- **BRIEF**
Set the data down once more, exactly as it is written.
────
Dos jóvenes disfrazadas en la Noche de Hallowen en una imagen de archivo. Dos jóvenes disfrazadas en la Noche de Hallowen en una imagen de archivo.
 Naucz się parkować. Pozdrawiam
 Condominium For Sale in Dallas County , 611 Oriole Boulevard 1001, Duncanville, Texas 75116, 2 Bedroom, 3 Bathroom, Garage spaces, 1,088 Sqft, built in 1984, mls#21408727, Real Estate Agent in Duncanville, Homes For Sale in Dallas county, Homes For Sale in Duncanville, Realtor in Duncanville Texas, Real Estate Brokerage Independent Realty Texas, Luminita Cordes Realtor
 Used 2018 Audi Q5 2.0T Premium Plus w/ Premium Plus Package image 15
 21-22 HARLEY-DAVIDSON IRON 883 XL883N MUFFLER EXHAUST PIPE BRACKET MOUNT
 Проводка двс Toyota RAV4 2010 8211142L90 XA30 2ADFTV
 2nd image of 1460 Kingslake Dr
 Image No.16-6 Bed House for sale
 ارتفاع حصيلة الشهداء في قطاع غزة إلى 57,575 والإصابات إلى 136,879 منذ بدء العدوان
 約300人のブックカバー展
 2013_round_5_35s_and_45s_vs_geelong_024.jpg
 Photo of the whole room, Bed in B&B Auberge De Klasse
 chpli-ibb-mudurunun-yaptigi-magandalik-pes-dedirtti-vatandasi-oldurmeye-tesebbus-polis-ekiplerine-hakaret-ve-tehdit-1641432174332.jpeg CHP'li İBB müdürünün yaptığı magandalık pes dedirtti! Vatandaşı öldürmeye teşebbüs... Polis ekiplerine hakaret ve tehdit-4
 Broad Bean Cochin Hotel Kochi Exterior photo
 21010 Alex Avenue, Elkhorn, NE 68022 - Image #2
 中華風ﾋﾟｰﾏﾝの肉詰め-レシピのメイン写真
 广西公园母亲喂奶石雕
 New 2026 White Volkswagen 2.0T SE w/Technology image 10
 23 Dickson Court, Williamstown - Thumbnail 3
────
- **FINISHED EXERCISE**
Dos jóvenes disfrazadas en la Noche de Hallowen en una imagen de archivo. Dos jóvenes disfrazadas en la Noche de Hallowen en una imagen de archivo.
 Naucz się parkować. Pozdrawiam
 Condominium For Sale in Dallas County , 611 Oriole Boulevard 1001, Duncanville, Texas 75116, 2 Bedroom, 3 Bathroom, Garage spaces, 1,088 Sqft, built in 1984, mls#21408727, Real Estate Agent in Duncanville, Homes For Sale in Dallas county, Homes For Sale in Duncanville, Realtor in Duncanville Texas, Real Estate Brokerage Independent Realty Texas, Luminita Cordes Realtor
 Used 2018 Audi Q5 2.0T Premium Plus w/ Premium Plus Package image 15
 21-22 HARLEY-DAVIDSON IRON 883 XL883N MUFFLER EXHAUST PIPE BRACKET MOUNT
 Проводка двс Toyota RAV4 2010 8211142L90 XA30 2ADFTV
 2nd image of 1460 Kingslake Dr
 Image No.16-6 Bed House for sale
 ارتفاع حصيلة الشهداء في قطاع غزة إلى 57,575 والإصابات إلى 136,879 منذ بدء العدوان
 約300人のブックカバー展
 2013_round_5_35s_and_45s_vs_geelong_024.jpg
 Photo of the whole room, Bed in B&B Auberge De Klasse
 chpli-ibb-mudurunun-yaptigi-magandalik-pes-dedirtti-vatandasi-oldurmeye-tesebbus-polis-ekiplerine-hakaret-ve-tehdit-1641432174332.jpeg CHP'li İBB müdürünün yaptığı magandalık pes dedirtti! Vatandaşı öldürmeye teşebbüs... Polis ekiplerine hakaret ve tehdit-4
 Broad Bean Cochin Hotel Kochi Exterior photo
 21010 Alex Avenue, Elkhorn, NE 68022 - Image #2
 中華風ﾋﾟｰﾏﾝの肉詰め-レシピのメイン写真
 广西公园母亲喂奶石雕
 New 2026 White Volkswagen 2.0T SE w/Technology image 10
 23 Dickson Court, Williamstown - Thumbnail 3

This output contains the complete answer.